Let $X$ and $Y$ be topological compact abelian groups, and let $A$ and $B$ be dense subgroups of $X$ and $Y$ respectively. Let $\varphi\colon X \to Y$ be a continuous homomorphism such that $\varphi(A) \subseteq B$, i.e., we have the following commutative diagram:
$$\begin{matrix} A & \rightarrow & B\\ \downarrow & & \downarrow\\ X & \rightarrow & Y \end{matrix}$$
Question. If $\varphi_A\colon A \to B$ denotes the restriction of $\varphi\colon X \to Y$ to $A$, is $\ker(\varphi_A)$ a dense subgroup of $\ker(\varphi)$?
I'm specifically interested when $X$ and $Y$ are profinite (compact and totally disconnected). This is certainly true if $\ker(\varphi)$ is open in $X$, and I've tried to reduce the closed case to the open case by writing $\ker(\varphi) = \bigcap_{N \unlhd_o G} N$ as an intersection of the open normal subgroups containing it, but my argument breaks down in a crucial part.

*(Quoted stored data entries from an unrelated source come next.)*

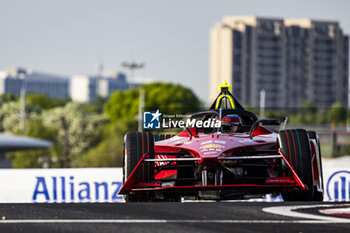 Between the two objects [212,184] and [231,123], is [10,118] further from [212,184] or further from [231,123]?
[212,184]

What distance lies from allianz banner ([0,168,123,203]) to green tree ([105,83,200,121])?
91.2 metres

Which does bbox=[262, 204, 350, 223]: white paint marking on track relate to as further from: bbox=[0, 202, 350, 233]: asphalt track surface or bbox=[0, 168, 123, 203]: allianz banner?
bbox=[0, 168, 123, 203]: allianz banner

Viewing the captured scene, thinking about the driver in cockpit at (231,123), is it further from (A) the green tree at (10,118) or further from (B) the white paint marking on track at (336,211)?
(A) the green tree at (10,118)

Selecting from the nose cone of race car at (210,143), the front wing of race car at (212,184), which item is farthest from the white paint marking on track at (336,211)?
the nose cone of race car at (210,143)

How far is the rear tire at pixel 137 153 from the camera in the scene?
1126 centimetres

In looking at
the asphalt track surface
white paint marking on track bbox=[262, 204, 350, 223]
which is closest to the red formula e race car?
the asphalt track surface

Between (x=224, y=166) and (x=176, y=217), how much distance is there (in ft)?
10.8

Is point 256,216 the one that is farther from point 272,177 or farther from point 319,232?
point 272,177

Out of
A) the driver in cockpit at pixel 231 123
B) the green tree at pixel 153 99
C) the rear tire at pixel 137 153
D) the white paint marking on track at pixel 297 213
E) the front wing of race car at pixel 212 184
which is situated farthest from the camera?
the green tree at pixel 153 99

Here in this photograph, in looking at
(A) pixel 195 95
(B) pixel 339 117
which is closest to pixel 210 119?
(B) pixel 339 117

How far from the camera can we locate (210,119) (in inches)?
487

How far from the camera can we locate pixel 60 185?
15.0 m

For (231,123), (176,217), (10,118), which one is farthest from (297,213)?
(10,118)

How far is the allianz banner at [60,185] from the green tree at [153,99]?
9116 centimetres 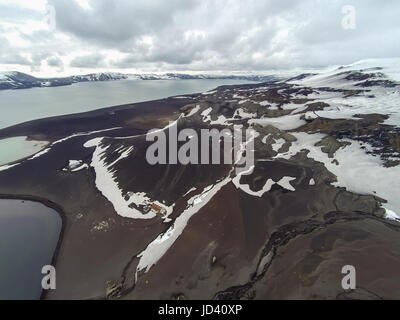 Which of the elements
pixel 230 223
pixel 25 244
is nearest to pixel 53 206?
pixel 25 244

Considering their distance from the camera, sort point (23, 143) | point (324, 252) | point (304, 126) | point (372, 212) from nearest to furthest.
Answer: point (324, 252) < point (372, 212) < point (304, 126) < point (23, 143)

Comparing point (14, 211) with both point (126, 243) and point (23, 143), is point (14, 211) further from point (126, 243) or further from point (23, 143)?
point (23, 143)

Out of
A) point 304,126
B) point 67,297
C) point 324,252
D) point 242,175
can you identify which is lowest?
point 67,297

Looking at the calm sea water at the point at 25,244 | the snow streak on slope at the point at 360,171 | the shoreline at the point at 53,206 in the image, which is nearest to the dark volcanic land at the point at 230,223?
the shoreline at the point at 53,206

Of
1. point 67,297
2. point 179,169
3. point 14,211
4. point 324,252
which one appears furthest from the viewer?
point 179,169

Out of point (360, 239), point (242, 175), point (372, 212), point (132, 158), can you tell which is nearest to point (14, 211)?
point (132, 158)

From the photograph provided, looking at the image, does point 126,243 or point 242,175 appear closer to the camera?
point 126,243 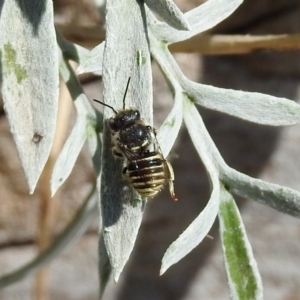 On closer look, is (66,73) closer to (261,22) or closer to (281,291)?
(261,22)

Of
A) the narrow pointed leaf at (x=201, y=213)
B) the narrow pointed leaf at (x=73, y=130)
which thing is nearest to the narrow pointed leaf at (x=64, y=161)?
the narrow pointed leaf at (x=73, y=130)

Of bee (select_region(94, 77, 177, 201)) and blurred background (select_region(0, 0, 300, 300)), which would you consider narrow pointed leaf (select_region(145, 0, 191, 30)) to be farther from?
blurred background (select_region(0, 0, 300, 300))

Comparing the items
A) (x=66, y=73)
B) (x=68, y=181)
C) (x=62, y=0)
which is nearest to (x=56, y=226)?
(x=68, y=181)

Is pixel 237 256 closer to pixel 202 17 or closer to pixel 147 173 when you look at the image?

This is not true even for profinite groups. Let $X=(\mathbb{Z}/2\mathbb{Z})^{\aleph_0}$, let $\varphi:X\to Y$ be the quotient by the subgroup of elements all of whose coordinates are the same (observe $\ker\varphi$ has only two elements), and let $A$ be the dense subgroup of $X$ of elements almost all of whose coordinates are zero. Then $A$ is dense, but its intersection with $\ker \varphi$ is trivial.